• _What is required_:
Please output exactly the part of the records below that opens with the line containing "the tRNA will bind the mRNA." and closes with the line containing "the amino acid is attached.", both lines included, and nothing else.

• _Data to use_:
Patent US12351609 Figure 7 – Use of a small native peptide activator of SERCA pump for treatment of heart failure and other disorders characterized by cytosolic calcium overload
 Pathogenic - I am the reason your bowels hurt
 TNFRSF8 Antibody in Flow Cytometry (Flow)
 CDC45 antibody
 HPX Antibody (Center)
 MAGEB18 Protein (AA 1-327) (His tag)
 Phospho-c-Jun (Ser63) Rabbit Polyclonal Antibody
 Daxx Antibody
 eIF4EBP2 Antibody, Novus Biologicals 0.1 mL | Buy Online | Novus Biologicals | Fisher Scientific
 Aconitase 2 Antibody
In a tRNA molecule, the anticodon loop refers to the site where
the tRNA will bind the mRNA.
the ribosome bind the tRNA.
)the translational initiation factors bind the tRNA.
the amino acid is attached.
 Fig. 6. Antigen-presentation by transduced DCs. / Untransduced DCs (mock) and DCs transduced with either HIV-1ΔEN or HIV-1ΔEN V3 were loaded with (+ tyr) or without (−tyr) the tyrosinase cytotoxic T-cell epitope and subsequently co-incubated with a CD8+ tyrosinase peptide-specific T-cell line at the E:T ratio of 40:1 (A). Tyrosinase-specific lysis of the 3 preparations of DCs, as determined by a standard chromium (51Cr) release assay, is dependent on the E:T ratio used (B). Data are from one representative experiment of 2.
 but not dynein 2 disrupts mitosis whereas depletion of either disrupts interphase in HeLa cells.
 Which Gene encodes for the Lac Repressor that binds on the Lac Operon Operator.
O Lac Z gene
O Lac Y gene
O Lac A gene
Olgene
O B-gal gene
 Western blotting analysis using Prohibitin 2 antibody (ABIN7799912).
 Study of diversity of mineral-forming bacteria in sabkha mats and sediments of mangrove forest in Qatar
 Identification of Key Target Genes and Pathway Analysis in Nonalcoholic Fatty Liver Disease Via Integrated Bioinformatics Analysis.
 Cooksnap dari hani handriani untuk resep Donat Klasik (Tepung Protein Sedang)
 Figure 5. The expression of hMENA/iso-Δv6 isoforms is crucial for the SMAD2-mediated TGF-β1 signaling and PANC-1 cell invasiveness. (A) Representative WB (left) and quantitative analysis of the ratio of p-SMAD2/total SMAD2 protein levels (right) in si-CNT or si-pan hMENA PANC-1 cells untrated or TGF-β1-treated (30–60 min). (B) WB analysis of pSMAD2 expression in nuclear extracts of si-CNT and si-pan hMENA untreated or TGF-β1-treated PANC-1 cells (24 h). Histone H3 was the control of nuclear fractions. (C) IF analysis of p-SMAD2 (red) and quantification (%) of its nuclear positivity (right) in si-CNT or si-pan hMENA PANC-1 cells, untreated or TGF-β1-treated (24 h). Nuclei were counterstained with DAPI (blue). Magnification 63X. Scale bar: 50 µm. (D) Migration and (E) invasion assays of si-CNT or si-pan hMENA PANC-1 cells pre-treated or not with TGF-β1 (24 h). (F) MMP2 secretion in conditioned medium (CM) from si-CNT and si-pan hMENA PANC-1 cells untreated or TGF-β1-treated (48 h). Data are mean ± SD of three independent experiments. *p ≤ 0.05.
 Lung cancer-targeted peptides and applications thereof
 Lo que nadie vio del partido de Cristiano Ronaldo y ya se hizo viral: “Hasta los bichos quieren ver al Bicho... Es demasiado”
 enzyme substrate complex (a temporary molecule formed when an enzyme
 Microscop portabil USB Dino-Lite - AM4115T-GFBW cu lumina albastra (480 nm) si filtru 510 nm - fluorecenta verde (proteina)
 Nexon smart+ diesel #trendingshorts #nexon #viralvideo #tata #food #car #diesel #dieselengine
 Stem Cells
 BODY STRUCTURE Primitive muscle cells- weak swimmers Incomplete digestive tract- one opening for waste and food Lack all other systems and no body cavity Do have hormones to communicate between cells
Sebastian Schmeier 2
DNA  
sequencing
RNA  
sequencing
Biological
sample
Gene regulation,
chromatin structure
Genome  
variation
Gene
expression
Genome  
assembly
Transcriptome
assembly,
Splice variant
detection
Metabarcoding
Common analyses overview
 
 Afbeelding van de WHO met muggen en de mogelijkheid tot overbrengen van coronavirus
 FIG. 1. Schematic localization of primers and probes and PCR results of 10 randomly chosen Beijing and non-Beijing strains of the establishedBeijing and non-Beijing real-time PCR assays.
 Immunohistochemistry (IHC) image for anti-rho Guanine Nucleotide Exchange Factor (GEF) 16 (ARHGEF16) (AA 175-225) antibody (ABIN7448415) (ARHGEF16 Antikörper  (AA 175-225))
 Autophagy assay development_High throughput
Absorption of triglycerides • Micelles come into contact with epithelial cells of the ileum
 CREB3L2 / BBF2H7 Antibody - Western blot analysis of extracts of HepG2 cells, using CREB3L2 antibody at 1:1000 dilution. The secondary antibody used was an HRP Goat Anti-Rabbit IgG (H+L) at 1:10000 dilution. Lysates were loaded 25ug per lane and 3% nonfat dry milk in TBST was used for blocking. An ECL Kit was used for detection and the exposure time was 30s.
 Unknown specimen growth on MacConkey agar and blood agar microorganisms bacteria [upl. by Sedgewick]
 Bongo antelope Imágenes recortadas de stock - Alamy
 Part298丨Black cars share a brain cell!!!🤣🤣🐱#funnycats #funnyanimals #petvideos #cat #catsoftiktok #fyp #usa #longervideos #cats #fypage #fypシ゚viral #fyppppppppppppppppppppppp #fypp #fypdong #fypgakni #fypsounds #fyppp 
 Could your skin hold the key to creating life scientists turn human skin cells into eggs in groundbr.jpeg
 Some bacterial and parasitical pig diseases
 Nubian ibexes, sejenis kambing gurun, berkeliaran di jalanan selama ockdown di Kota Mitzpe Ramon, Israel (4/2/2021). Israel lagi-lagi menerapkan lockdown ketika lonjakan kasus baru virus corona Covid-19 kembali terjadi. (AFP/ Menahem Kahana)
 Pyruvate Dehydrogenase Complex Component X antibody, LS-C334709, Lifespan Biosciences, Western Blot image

• _The completed task_:
the tRNA will bind the mRNA.
the ribosome bind the tRNA.
)the translational initiation factors bind the tRNA.
the amino acid is attached.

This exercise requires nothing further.